Os movimentos extremistas tendem a surgir no caos e no vazio, e a vingar entre a juventude desafetada. A sociedade Cabo-verdiana contemporânea apresenta todos os ingredientes necessários á sua confecção: a desestruturação familiar, o vazio social, politicas sociais demagogas e, fundamentalmente, o vazio económico. Uma sociedade pode manter longamente a sua apatia perante certo tipo de vazios simbólicos; degrada-se mas não implode. Contudo, os vazios económicos costumam resultar em crises imediatas de autoridade social, e será este o quadro que enfrentaremos muito brevemente.
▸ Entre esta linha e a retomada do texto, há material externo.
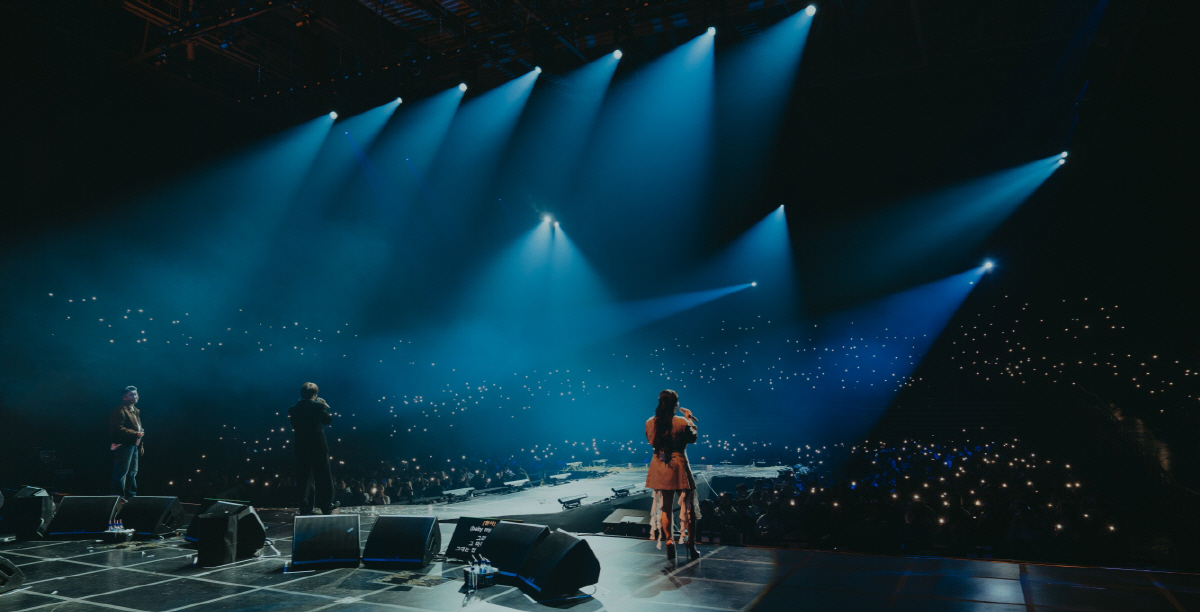 어반자카파, 콘서트 배경이 수지·이도현…서울 공연도 성료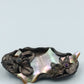 Handgefertigte Brosche mit Perlmutt und floralen Details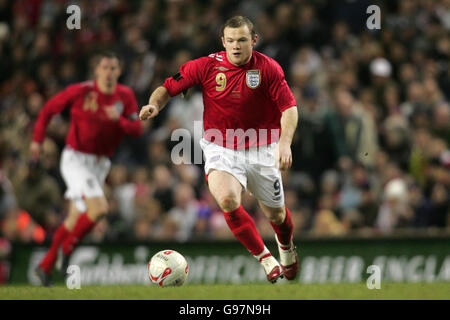 Calcio - International Match - Inghilterra / Uruguay - Anfield, Liverpool. Wayne Rooney in azione in Inghilterra durante il amichevole International match contro l'Uruguay ad Anfield, Liverpool. Foto Stock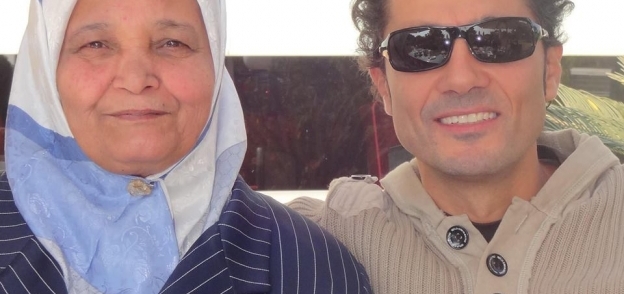 خالد النبوي مع والدته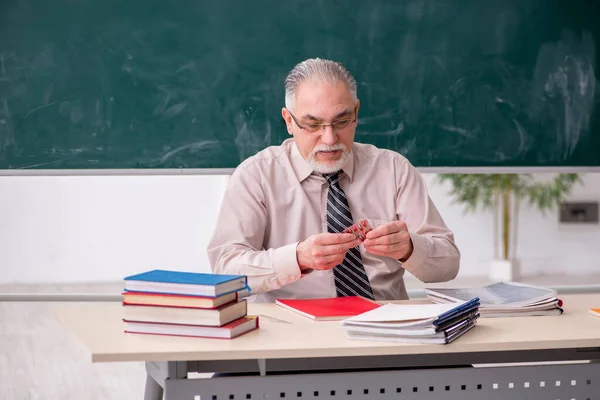 Oude mannelijke leraar in de klas — Stockfoto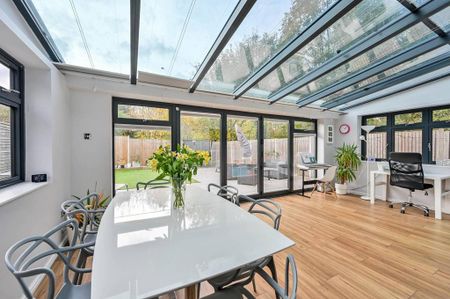 4 bedroom house to rent - Photo 3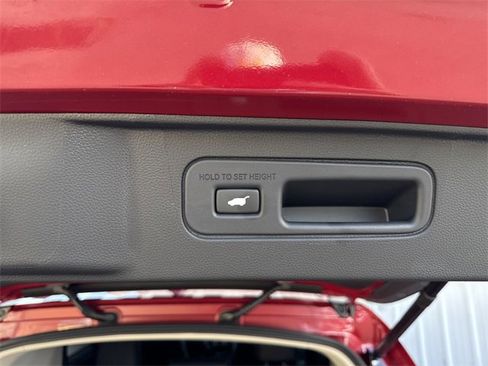 New 2025 Honda Pilot Touring image 32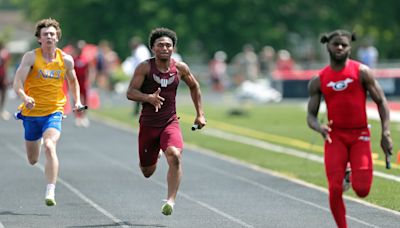 Lightning only slows Woodridge boys' march to Austintown regional title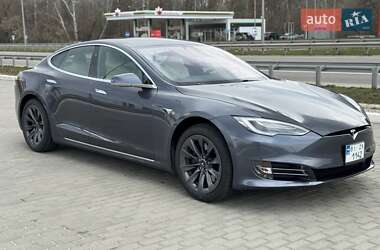 Лифтбек Tesla Model S 2020 в Полтаве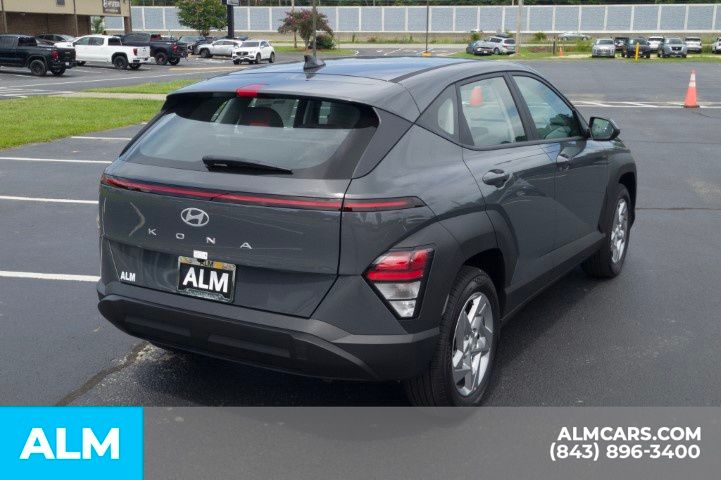 Used 2026 Gray Pearl Hyundai SE image 5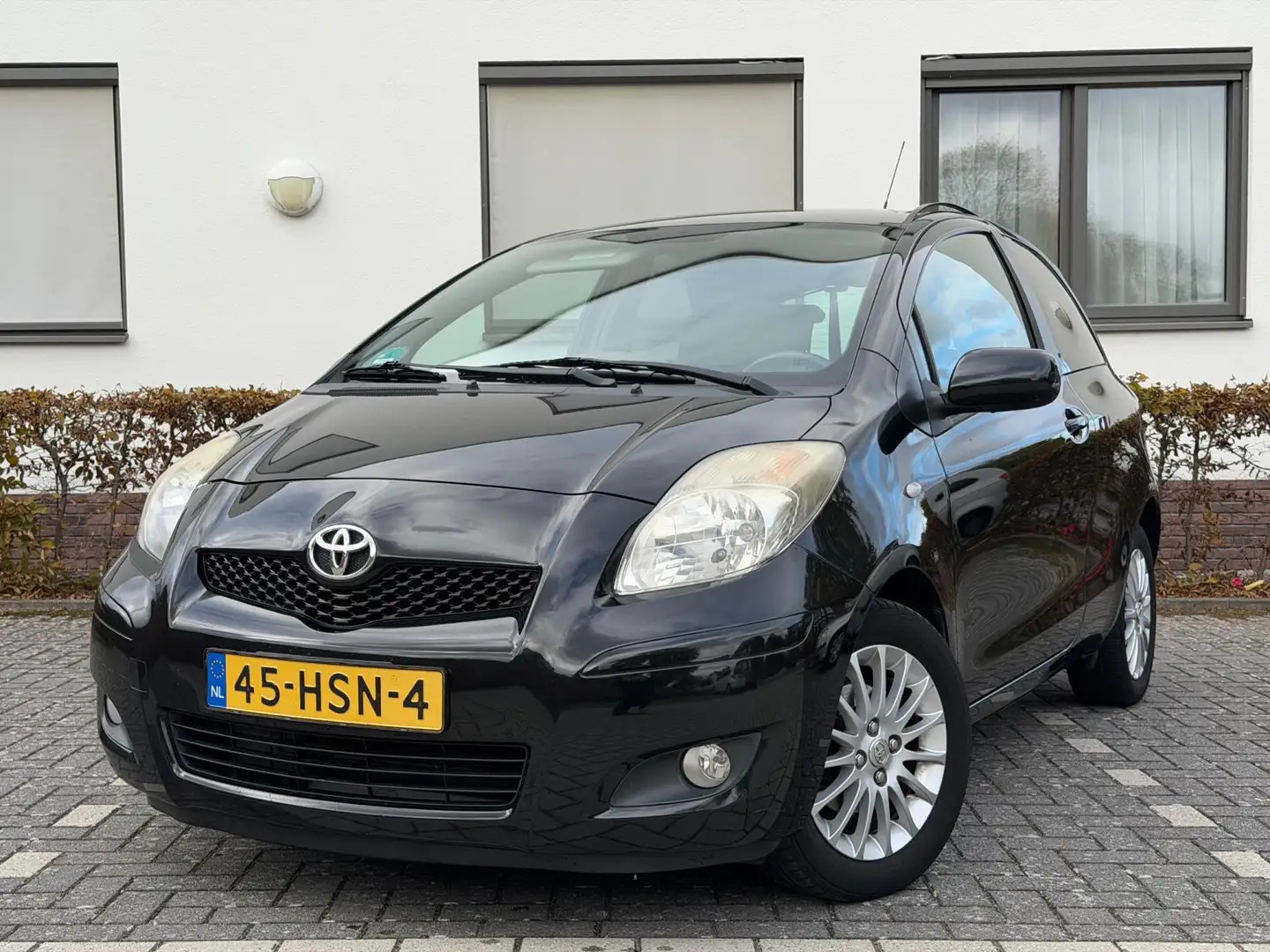 Toyota Yaris 1.3 VVTi Dynamic NAP APK AIRCO 1e EIGENAAR Zwart - 2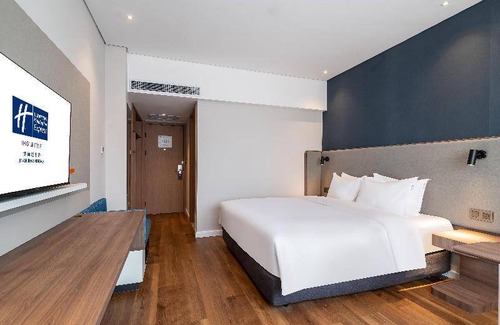 Lixia District Hotel | 56 m² Hotel ∙ 127 guests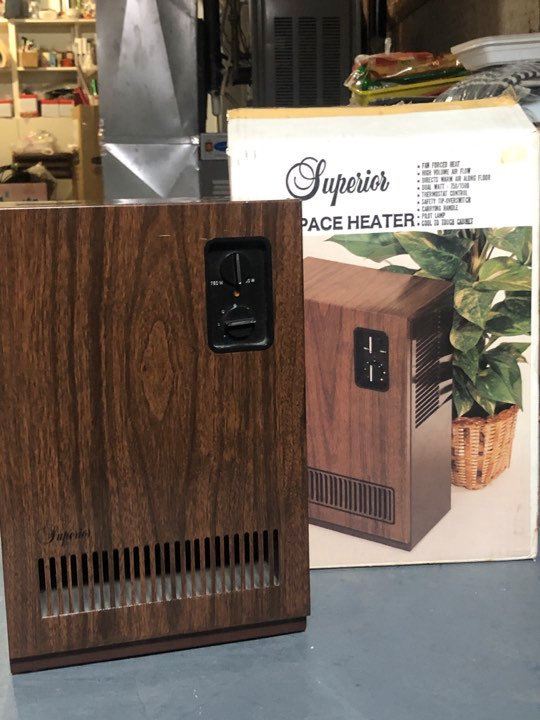 Vintage Superior Space Heater in Wood Grain Cabinet in Heaters, Humidifiers & Dehumidifiers in Markham / York Region - Image 2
Haverá uma juventude fundamentalista no futuro de Cabo Verde? Se houver, ela certamente não terá origem na juventude gorda e vendida que encontramos amarrada à cauda dos partidos políticos estabelecidos. Essa não é capaz de gerar qualquer tipo de energia, seja construtiva ou destrutiva – como é, aliás, evidente pela platitude discursiva das corporações políticas em matéria de “soluções para a juventude”. Mas talvez um embrião de extremismo.cv esteja a ser incubado pelos sentimentos tenebrosos que informam as narrativas bairristas e classistas que correm á toa pelo país – quem sabe? Talvez não. Talvez tenhamos tão pouco energia para a destruição como para a construção. Mas as condições são ideais, e o nosso mininu mansu, popular ou remediado, poderá vir a ser plasticina da boa para esse tipo de projeto.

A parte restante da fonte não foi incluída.